The CSEW is archived at the UK Data Service (UKDS), which is the national repository for social science data in the UK. Registering takes a few minutes and gives you access to hundreds of datasets across criminology, health, economics, and social policy.
Why didn’t we use real survey data today? Working with real survey data such as the CSEW or the SCJS requires a few extra steps: the files are in other software (Stata or SPSS) formats rather than CSV, which requires a different import package; variables are stored as numeric codes with labels rather than plain text. None of this is difficult, but learning those steps alongside everything else in two hours would have been too much.
Further Learning: Free Online Training from the UK Data Service
The UK Data Service has developed a free, self-paced online training module specifically on analysing crime data using R. It covers the CSEW directly and builds on exactly the skills you have practised today.
Introduction to Crime Data Analysis using R
UK Data Service free and self-paced resources
This is an excellent resource to consolidate what you have learned today and extend it to working with real, nationally representative data. If you found today’s session useful, this is your obvious next step.

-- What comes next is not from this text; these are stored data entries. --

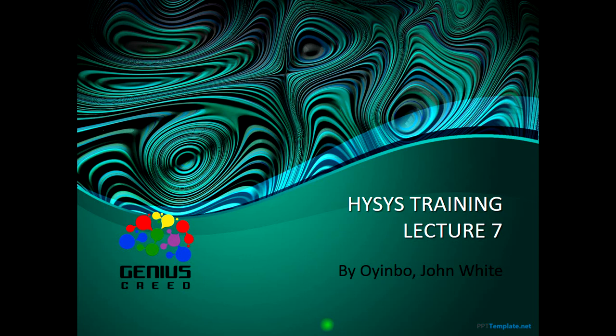Hello everyone, this is John White from GMP. Welcome to the 7th lecture of this HYSYS training.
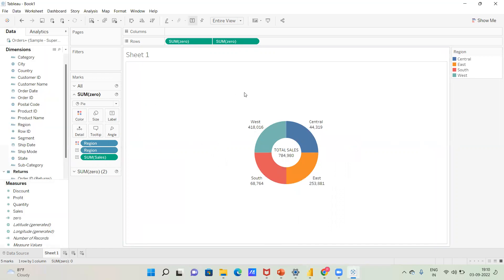So, this is how we create a donut chart in Tableau. Here we go — you can see the final result.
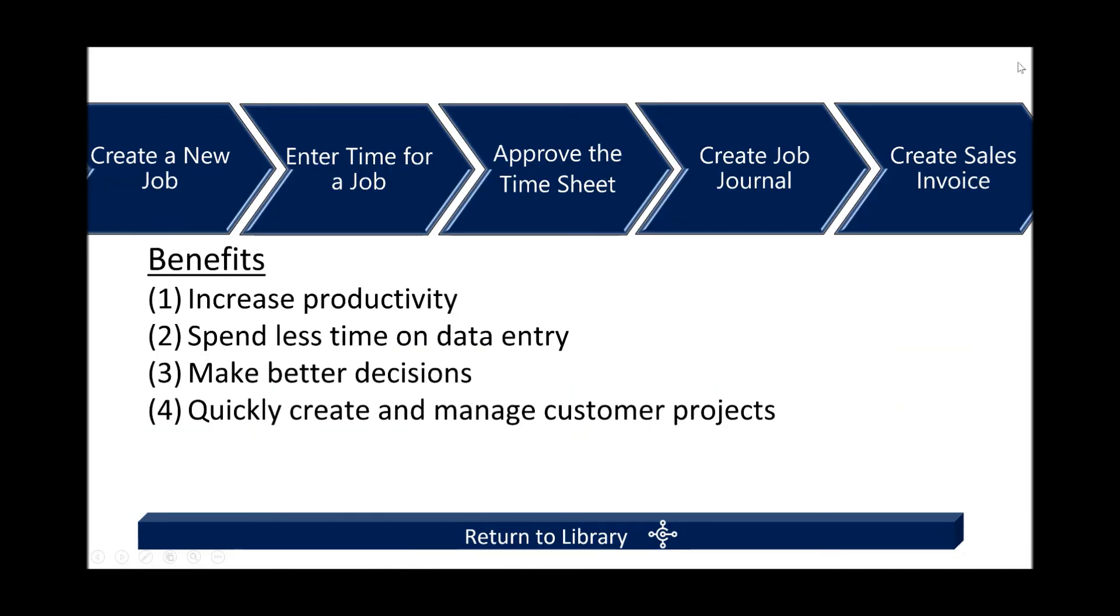In that scenario, it was just to demonstrate the role of a project manager within Dynamics 365 Business Central. The idea was to get you understanding and knowing how they can quickly create and manage customer projects while increasing their productivity.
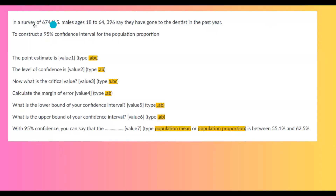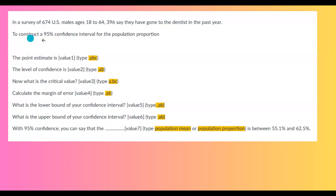In a survey of 674 U.S. males ages 18 to 64, 396 said that they had gone to the dentist last year. We are constructing a 95% confidence interval for the population proportion.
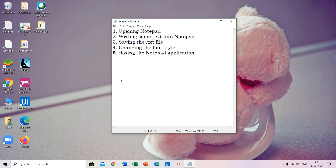Hi all. Now I am going to tell you about how to do notepad automation. This workflow includes opening notepad, after that writing some text into notepad and saving the file, changing the font style, and closing the notepad application.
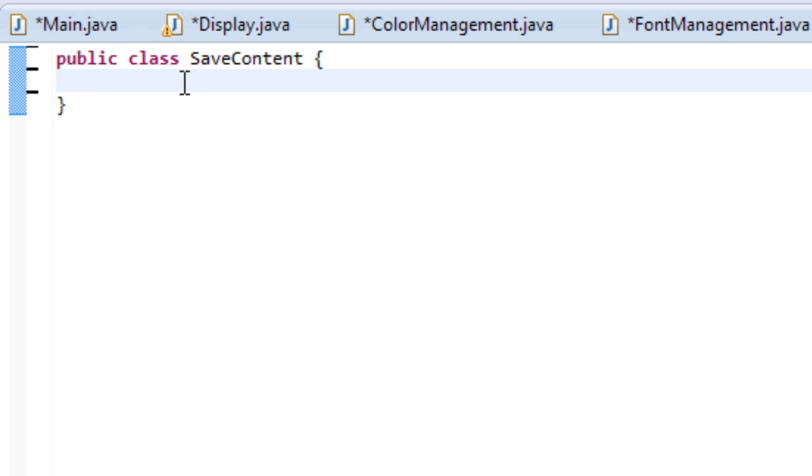Hello guys, we are reaching the end of this word processor project. And that's pretty cool. But we've still got a tiny bit more to do. We've got to implement the saving feature.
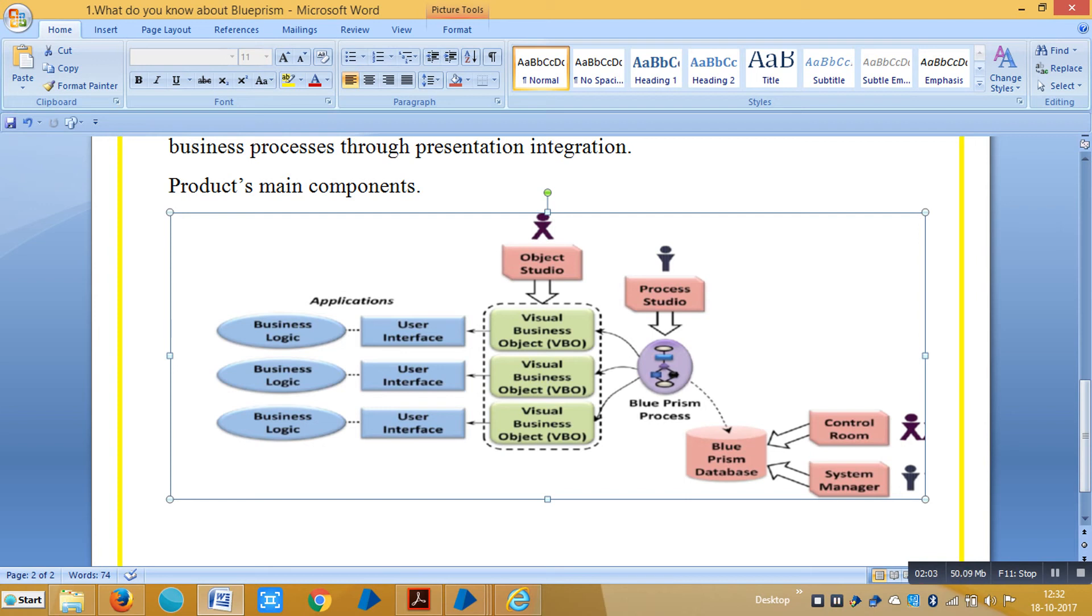This tool lets users graphically define the steps in the process, each of which involves operations in VBOs to interact with an application. In a very real sense, a BluePrism process acts like a human user.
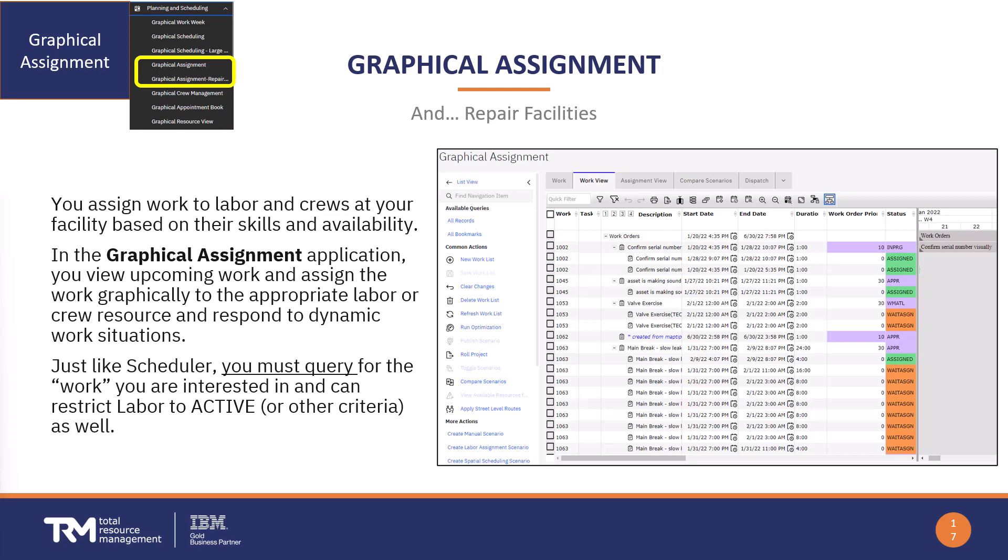Just like with the scheduler, you must query for the work that you're interested in. With the graphical assignment though, you can do it a little differently.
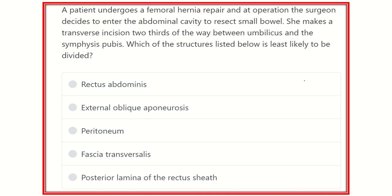Hey everyone, welcome to the Crack MRCS channel. This channel is dedicated for MRCS examinees. Here, all questions of eMRCS, questions from past sheets and recalls will be discussed, as well as topics of the MRCS exam. So stay tuned with us and let's solve the question here.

Summary of Functions Used Today
| Function | Package | What it does |
|---|---|---|
read_csv() |
readr (tidyverse) | Import a CSV file |
head() |
base R | Show first 6 rows |
glimpse() |
dplyr (tidyverse) | Structured variable overview |
tabyl() |
janitor | Frequency tables and crosstabs |
adorn_percentages() |
janitor | Add percentages to a tabyl |
summary() |
base R | Min, max, mean, median, quartiles |
sd() |
base R | Standard deviation |
summarise() |
dplyr | Custom summary statistics |
across() |
dplyr | Apply a function across multiple columns |
sum(is.na()) |
base R | Count missing values |
factor() |
base R | Convert to categorical with labels |
ggplot() + geom_bar() |
ggplot2 | Bar chart |
ggplot() + geom_histogram() |
ggplot2 | Histogram |
ggplot() + geom_boxplot() |
ggplot2 | Boxplot |
This practical was developed for a master’s-level introduction to data analysis in criminology. It draws on materials originally created for the UK Data Service Introduction to Crime Data workshop (University of Manchester, February 2020). The simulated dataset on public attitudes to policing was designed to reflect the structure of Qualtrics survey exports and the thematic content of the Crime Survey for England and Wales.
AI Statement
I used ELM (University of Edinburgh’s generative AI gateway) for a generic R example of simulating mixed‑type survey data. I adapted the approach, and the dataset used here was specified and generated independently to meet the requirements for this workshop.